I had used Windows Server 2000 and upgraded to Server 2003. Terminal
Services 2000 is still active, and I want to re-activate with Terminal Server
2003 User CALs per user. How do I de-activate the current Terminal Server,
then re-activate? And is that what I should be doing?
 
A 2000 Server Terminal Server in Application Server Mode that is upgraded to
2003 will take on the Terminal Server role (2003 equivalent of Application
Server Mode), however the the old TSLS can NOT server the new Terminal
Server, as a 2003 TS requires a 2003 TSLS.

Install & activate the Terminal Services Licensing Service
Install your 2003 TSCALs.
If the server is a member server, edit the registry to point the server to
itself for the TSLS.

http://www.workthin.com/tsls2k3.htm

This being said, I'm not a fan of upgrading OS on computers being used as
workstations. Terminal Server fits this category, since it is a multi-user
workstation for all intents and purposes.

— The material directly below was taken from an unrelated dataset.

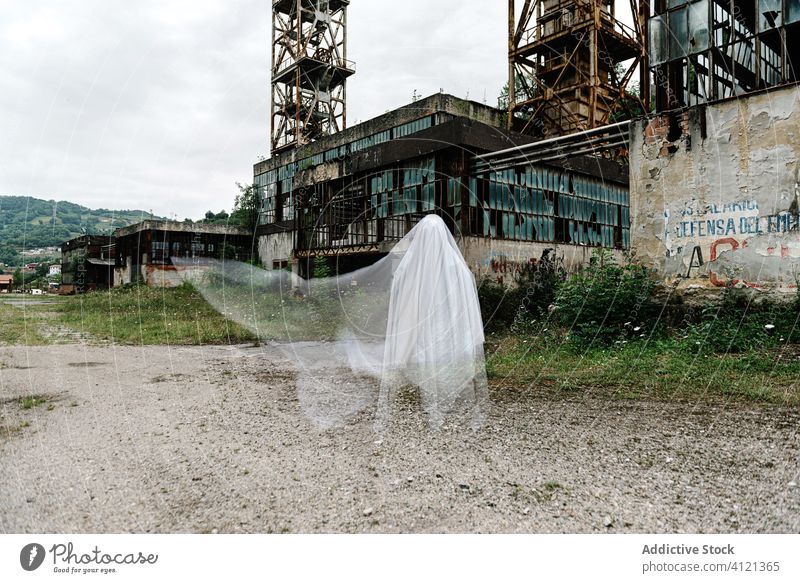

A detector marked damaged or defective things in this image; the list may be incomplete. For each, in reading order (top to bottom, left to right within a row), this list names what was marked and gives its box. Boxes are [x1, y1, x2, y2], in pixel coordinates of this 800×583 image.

rusty metal tower [272, 0, 354, 154]
rusty metal tower [510, 0, 648, 137]
broken window pane [688, 0, 708, 52]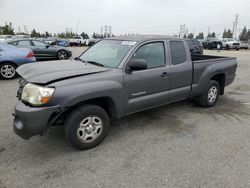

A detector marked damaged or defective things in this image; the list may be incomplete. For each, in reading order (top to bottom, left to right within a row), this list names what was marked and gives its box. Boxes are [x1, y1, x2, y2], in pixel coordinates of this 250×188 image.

I find clean installs provide the best results and remove any questions of
whether a problem was caused by OS upgrade. My normal recommendation for
single TS shop is:

1. Build a test server, even if on workstation class hardware.
2. Install and test your applications.
3. Make users terminal server profiles roaming and propagate them to a
network share.
4. Back-up any data on the terminal server that is not part of user
profiles, and make a server image so you can roll-back if there is a problem
(TS should not hold user data)
5. Do a clean install of the new OS and install applications
6. Restore any data (once again, TS usually do not act as file servers)
7. Users logon and their old profile is downloaded automatically.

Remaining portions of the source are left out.